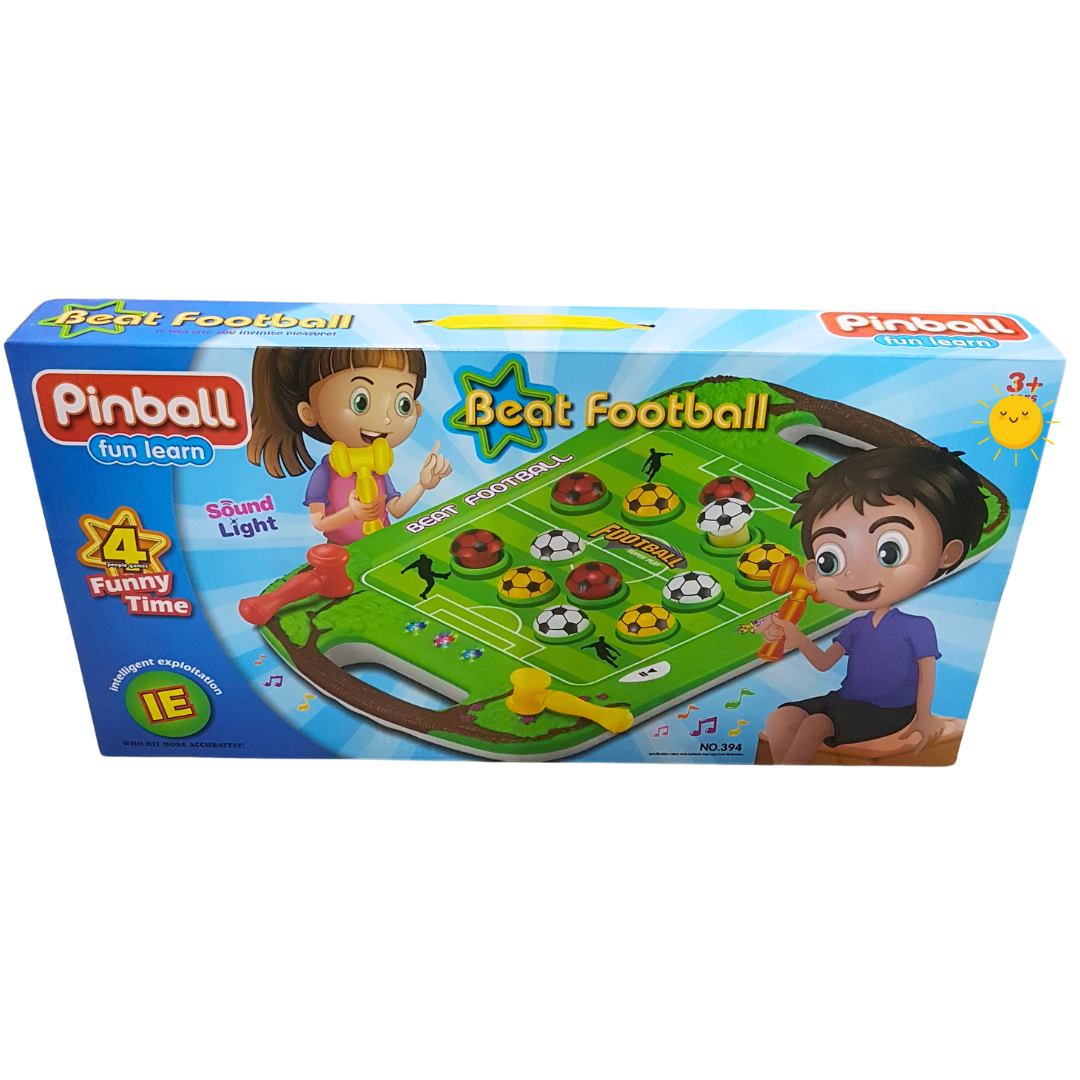 Interactive Pinball Soccer Game - Educational Sports Toy for Kids 3+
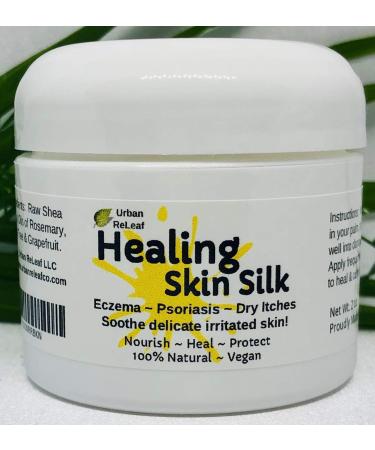 Urban ReLeaf HEALING SKIN SILK Calm Dry Itchy Skin Nourishing Skin Balm. Rich Shea Butter Holistic NATURAL Cream. Soothing to body & soul. Healing Essential Oils ! Waterless formula. Made in USA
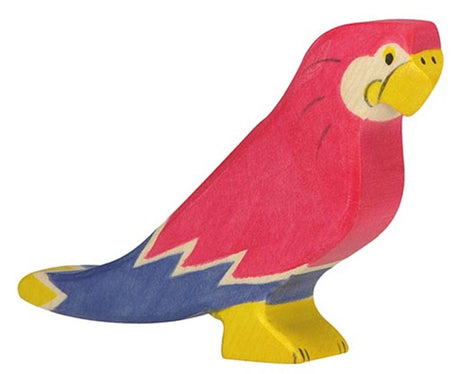 Puszcza Holztiger - papuga - 11x2x7cm - figura drewniana - ręcznie robiona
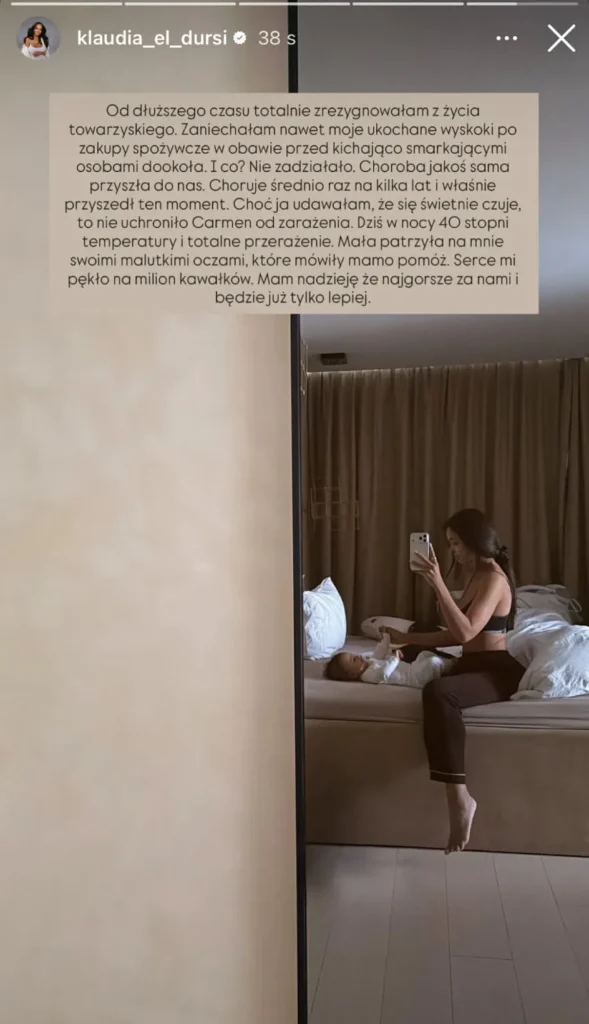 Klaudia El Dursi przerwała milczenie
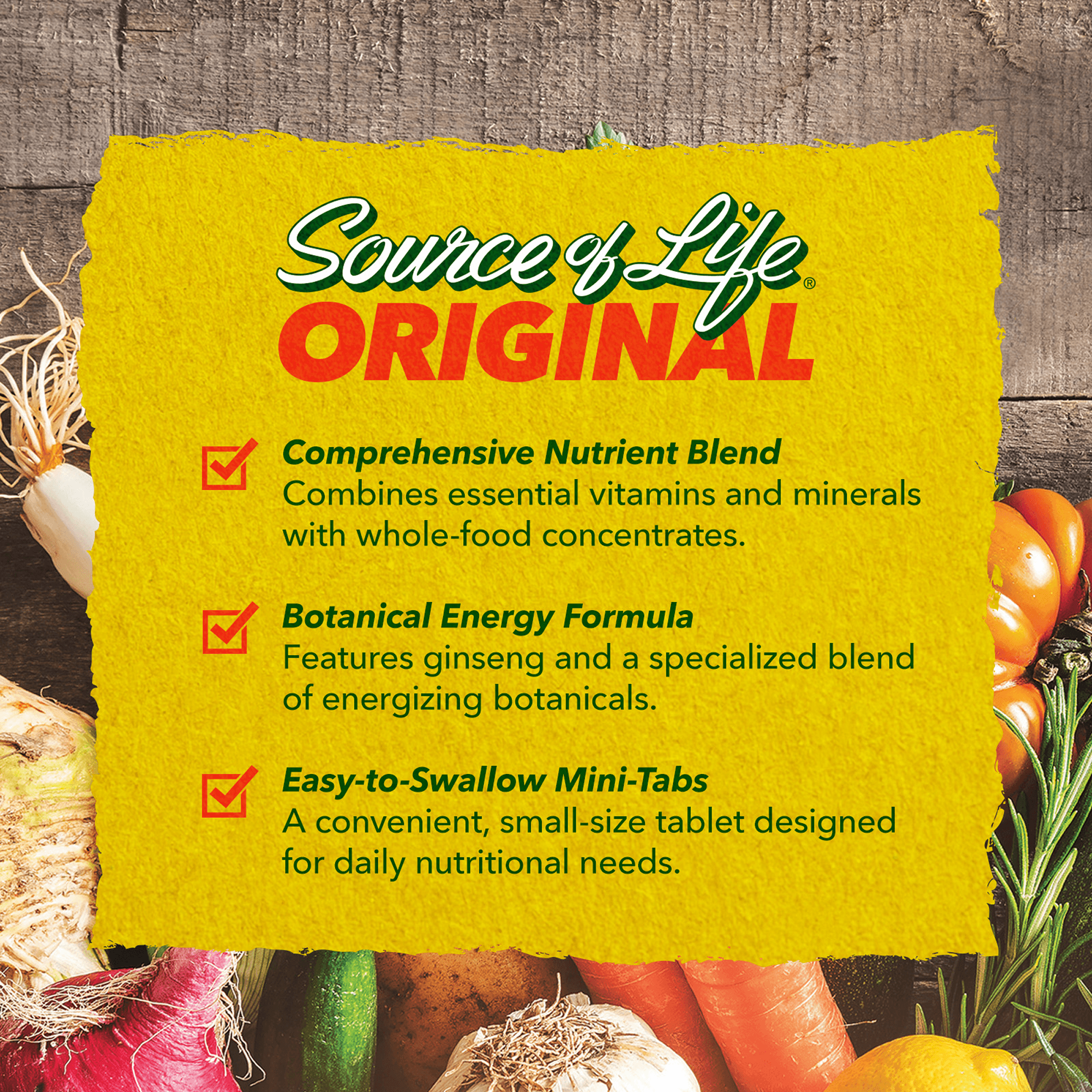 Source of Life® Multivitamin Mini-Tabs - 180 Count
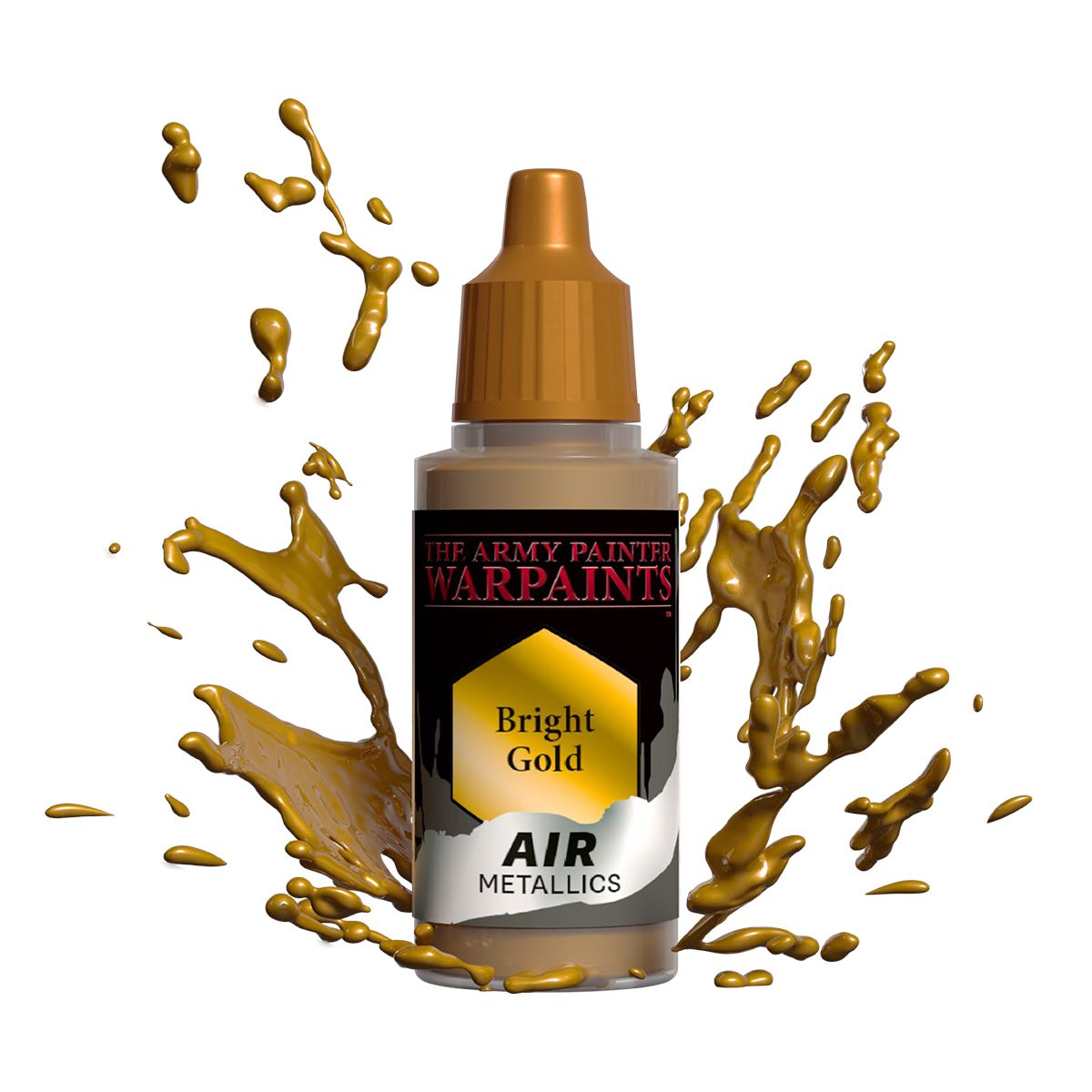 Army Painter Warpaints Air Acrylic (cont.), Metallic & Fluorescent Singles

-=-=-

■ **Your objective**: Set down every record exactly, without the pictures.

■ **Reply**:
 Interactive Pinball Soccer Game - Educational Sports Toy for Kids 3+
 Urban ReLeaf HEALING SKIN SILK Calm Dry Itchy Skin Nourishing Skin Balm. Rich Shea Butter Holistic NATURAL Cream. Soothing to body & soul. Healing Essential Oils ! Waterless formula. Made in USA
 Puszcza Holztiger - papuga - 11x2x7cm - figura drewniana - ręcznie robiona
 Klaudia El Dursi przerwała milczenie
 Source of Life® Multivitamin Mini-Tabs - 180 Count
 Army Painter Warpaints Air Acrylic (cont.), Metallic & Fluorescent Singles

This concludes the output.